In recordings from the Daily Telegraph/Channel Four Dispatches operation – which also targeted former Labour foreign secretary Jack Straw – Sir Malcolm is seen describing himself as “self-employed”, saying “nobody pays me a salary”, appearing to overlook his £67,000 a year MP’s salary. He is said to have asked for a fee of somewhere between £5,000 and £8,000 in return for his services.
He later claimed in an interview that somebody with his “business background” was entitled to earn more.
In the Dispatches revelations, he added that people would be “surprised” at how much spare time he had.
In a statement yesterday, Sir Malcolm remained unapologetic about his comments to the programme. He said: “None of the current controversy with which I am associated is relevant to my work as chairman of the intelligence and security committee of parliament.

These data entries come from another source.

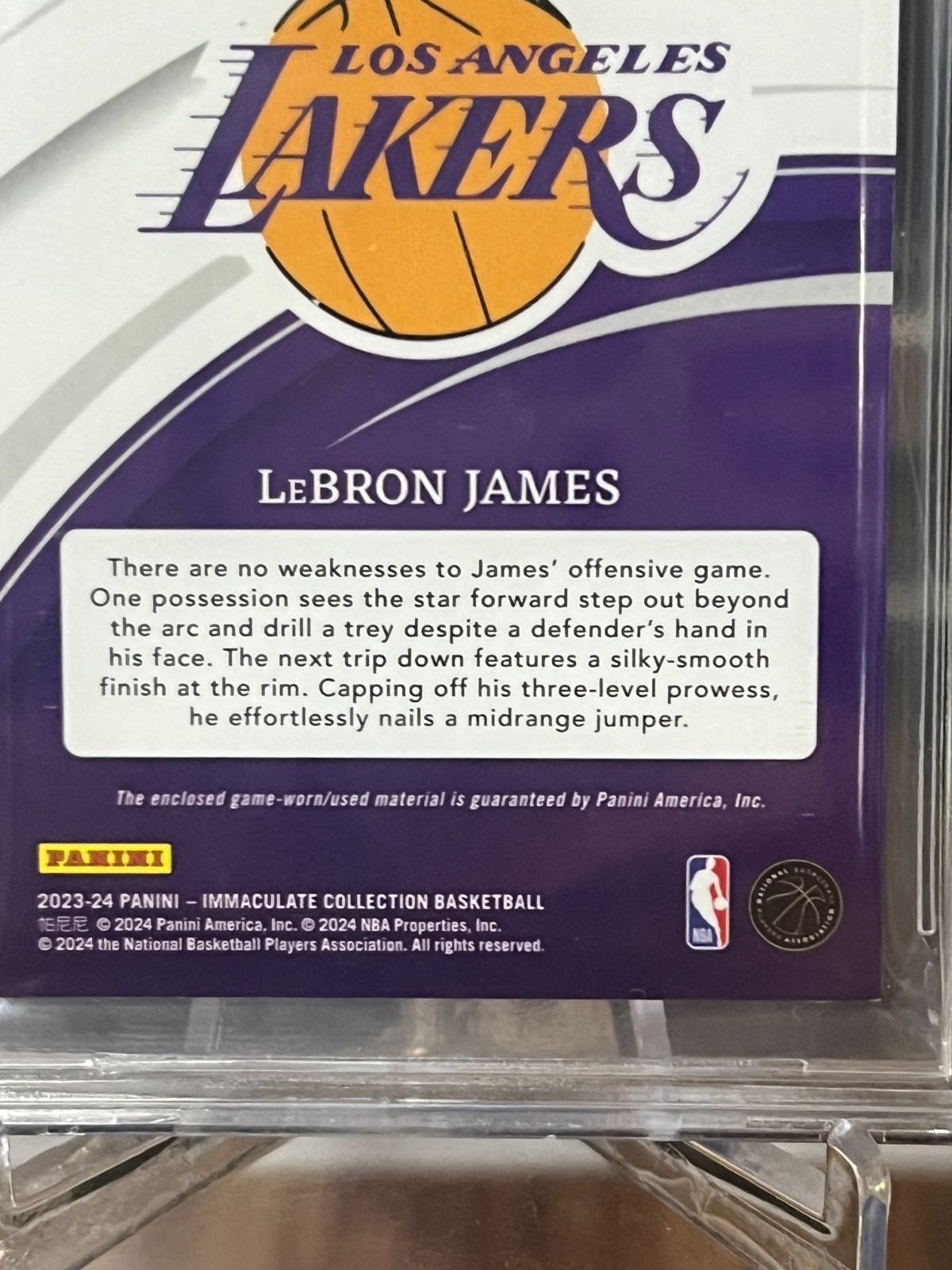 2023-24 Panini Immaculate Collection Swatches LeBron James GU Patch /99 BGS 9 view 11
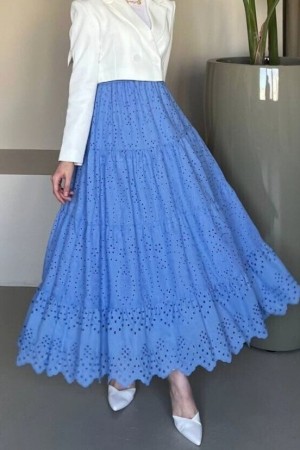 Fisto İşlemeli Katlamalı Etek -Mavi
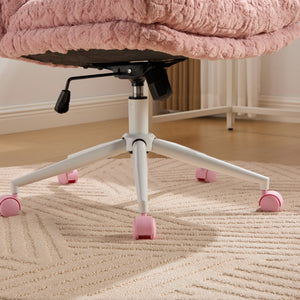 English Elm W26.4 Extra-Wide Faux Fur Office Chair with Metal Base, Ergonomic 360° Swivel, Adjustable Comfort Pink W1143P369104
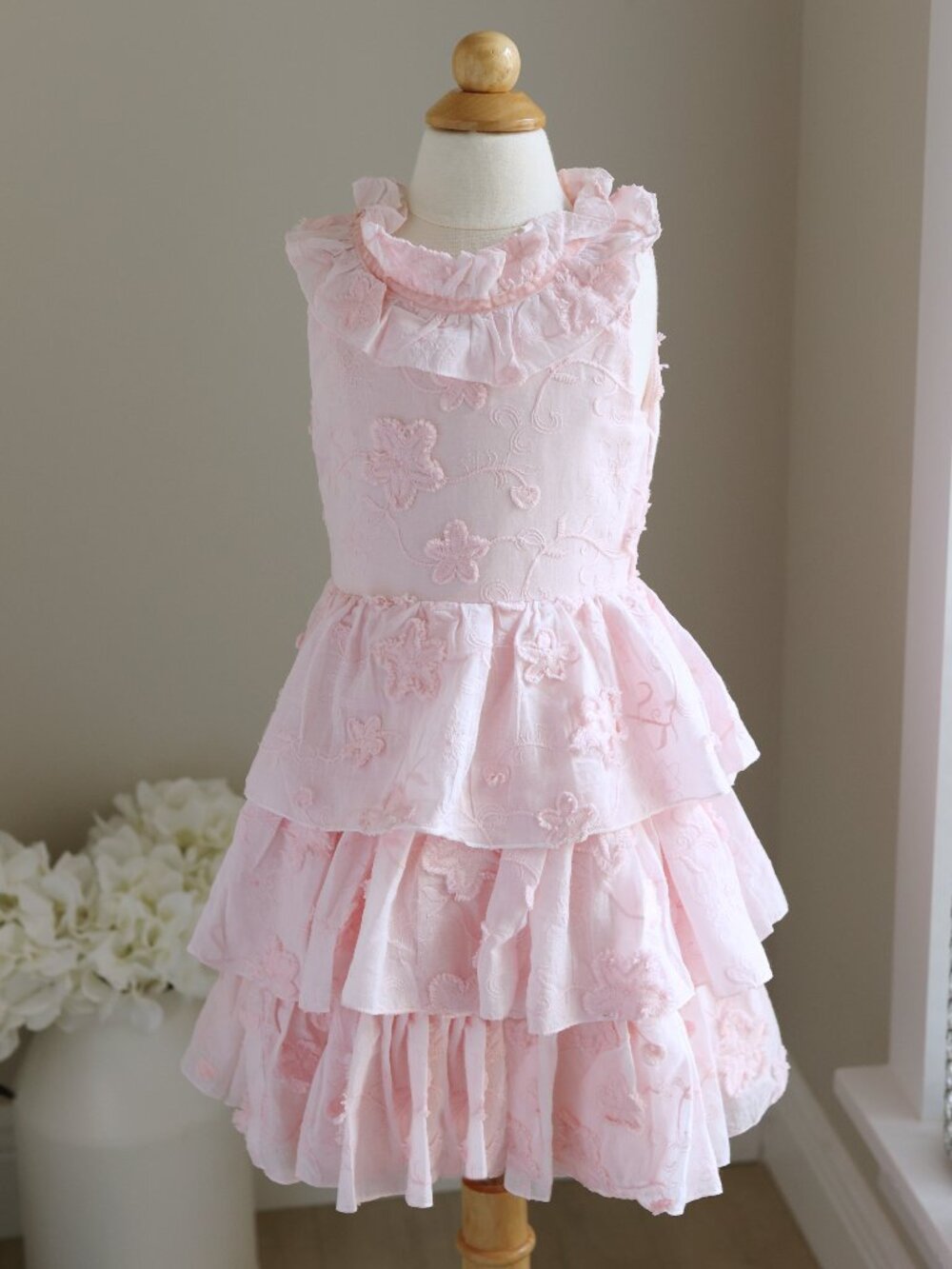 Pink Embroidered Cotton Ruffle Dress Party Portrait Flower Girl Rehearsal Dress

“However, I have informed my colleagues that, while I will remain a member of the committee, I will step down from the chairmanship.
“The committee is due to be dissolved in little over a month with the prorogation of parliament for the forthcoming general election. The main substantive work which needs to be completed will be the publication of our privacy and security report during March. I do not want the work of the committee and the publication of the report to be, in any way, distracted or affected by controversy as to my personal position. I have concluded, therefore, that it is better that this important work should be presided over by a new chairman.”
He insisted that that he had not come under pressure from Downing Street to step down and that it was “entirely a personal decision”.
He also hit out at the Telegraph and Channel Four’s allegations as being “contemptible” and vowed to “continue in public and political life” outside parliament.
However, his decision to quit parliament does not mean he will escape punishment if he and Mr Straw have broken the rules. Commons Speaker John Bercow said the two MPs would “cop it” if it was proven they broke the rules.
He said: “They are both highly intelligent, highly capable, highly experienced people. It may well be that errors of judgment have been made. If that is so, then they will cop it, they will face the music, they will suffer a penalty as a result.
“People should be in parliament to represent their constituents and to stand up for principles and policies dear to them.
“People should not be in parliament to add to their personal fortune,” Mr Bercow said.
Kathryn Hudson, Parliamentary Commissioner for Standards, warned that any investigation would take until after the general election to complete, pointing out that in similar previous inquiries it had taken up to five weeks to get hold of full transcripts from broadcasters.
“Any investigation will inevitably continue into the next parliament. The committee on standards has agreed that any memorandum will be submitted to its successor committee on completion,” she said in a joint statement with Labour’s Kevin Barron, who chairs the committee on standards.
Committee member Sir Menzies Campbell said Sir Malcolm had done the right thing by standing down.
Former Lib Dem leader Sir Menzies said: “As someone who has served alongside Malcolm Rifkind, I have no hesitation in saying that he has been an outstanding chairman of the intelligence and security committee.
“Many of the recent reforms to the committee, which have led to it having greater powers, are directly the result of his personal analysis of what was required to increase the accountability of the intelligence services.
“He has done the right thing in resigning, but the House of Commons will be the worse for the absence of his perceptive and always well-informed contributions on foreign affairs.”
Kim Howells, Sir Malcolm’s Labour predecessor as the intelligence and security committee chairman, said: “It is such a shame because he has had a very distinguished parliamentary career and to end it in this way is awful.”
The Prime Minister’s official spokesman said Mr Cameron “respects and supports” Sir Malcolm’s decision to quit both the Commons and the ISC chair.